Geniusia - 4 miesiące na rehabilitację?? to się w głowie nie mieści, NFZ działa na kosmicznych prawach. Trzymam kciuki żeby rehabilitanci okazali się warci czasu który czekaliście :-)
Antila - fajnie że kot zachwycony.
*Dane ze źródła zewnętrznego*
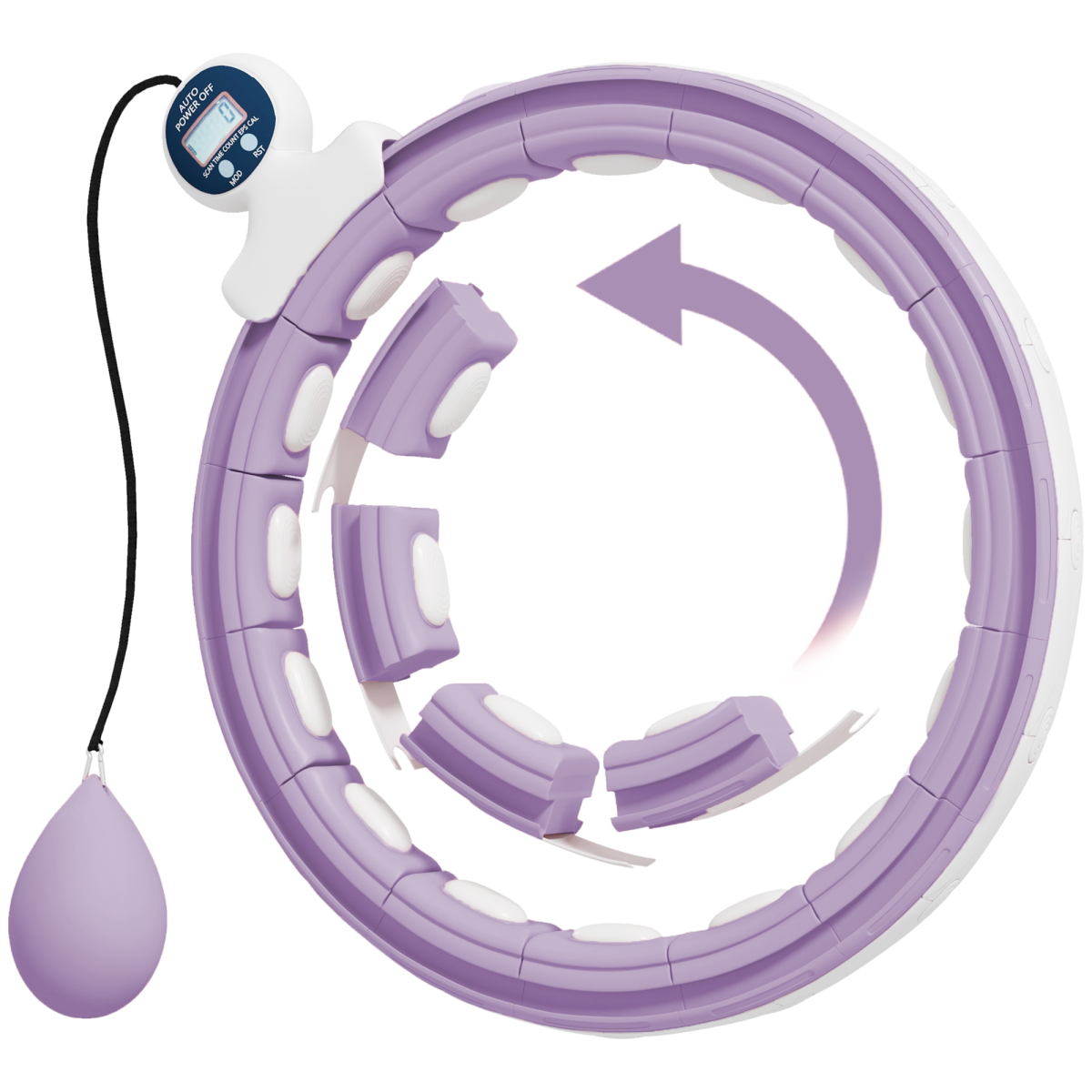 SPORTNOW Smart Weighted Hula Hoop with 16 Detachable Knots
Nasz niestety nie kwapi się nawet do spojrzenia na Igiego, zlewka totalna.

Zaczynają się powroty do pracy widzę. Na szczęście nie muszę na razie wracać (albo i na nieszczęście, bo to zawsze fajnie wyrwać się z domku na kilka godzinek), ale na wiosnę trzeba będzie poszukać nowej pracy
 
dagrab, u nas też półka z dvd jest bardzo atrakcyjna :-).
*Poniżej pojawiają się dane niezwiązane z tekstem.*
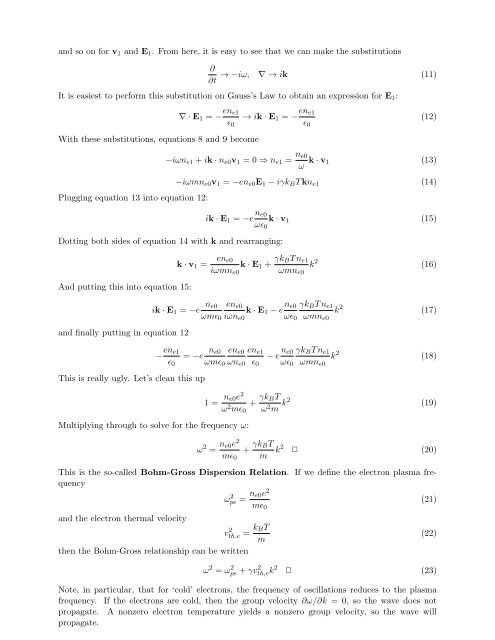 LANGMUIR WAVES - THE BOHM-GROSS DISPERSION RELATION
emyly, w zimie na czapki płakał, latem na letnie albo smerfetki ok, bez żadnego krzyku. zobaczymy, jak będzie znowu w zimie.

geniusia,
idzie oszaleć przez to nasze NFZ :angry:. jak my czekaliśmy na termin rehabilitacji, to też takie kolejki, że szok. jednak mieliśmy trochę więcej szczęścia i u nas skończyło się na 1 prywatnej wizycie, a później już NFZ.
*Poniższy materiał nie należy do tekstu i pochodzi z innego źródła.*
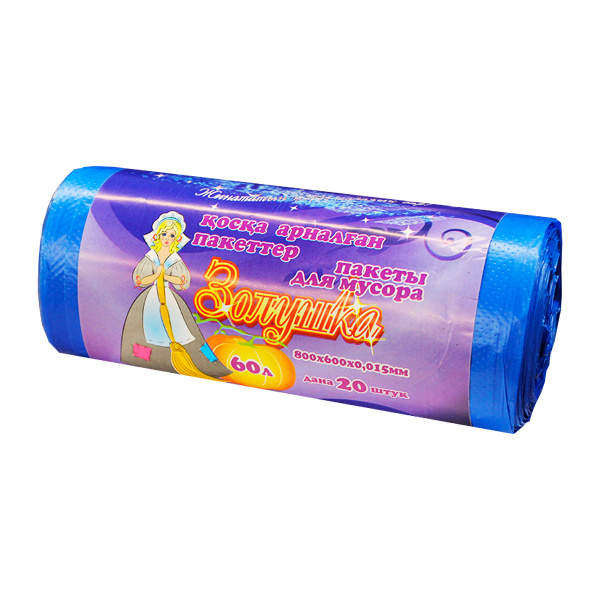 Пакет для мусора "Золушка" 60л, 20 шт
u nas nie ma kota, ale jest pies i młody uwielbia ciągnąc go za ogon :-). rasa z mocnym ogon, więc luz :-D.

OlciaLolcia, ale masz bagaż doświadczeń ech...
 
Ostatnia edycja:
Czesc Dziewuszki!
Olcia, cyska fajnie, ze zescie tu zajrzaly.
W srode mielismy wizyte u pediatry 9,300g i 75cm. Pediatra nie widzi problemu, powiedziala, ze przeciez dziecko powinno podwoic swoja wage urodzeniowa kolo 6 miesiaca co tez Martino uczynil.
Zaprezentowal tez u niej po raz pierwszy jak siedzi pieknie z podparciem. 5 sekund ale zawsze do przodu (a raczej do gory).
Wlasnie jestesmy po rehabilitacji. Smiejemy sie, ze Misiek ma zegarek wbudowany bo pozwala terapeutce na 45 minut cwiczen po czym zaczyna na nia warczec, za kazdym razem, z zegarkiem w reku.
O i nasza terapeutka rozmawiala z szefowa kliniki (od kasku). Powiedziala jej o naszym przypadku i ponoc na tego goscia juz byly skargi. We wtorek tam idziemy i sama szefowa nas przyjmie. Mozliwe, ze dostaniemy nowy kask a nawet jak nie to mam nadzieje, ze w koncu sie ktos nami zajmie porzadnie.
Kurcze ja tez mam problem co z jego wlosami robic. Spinek mu nie moge zalozyc a juz w oczy mu wchodza. Na razie czesze mu na bok ale M sie smieje, ze czesze go na pizdusia.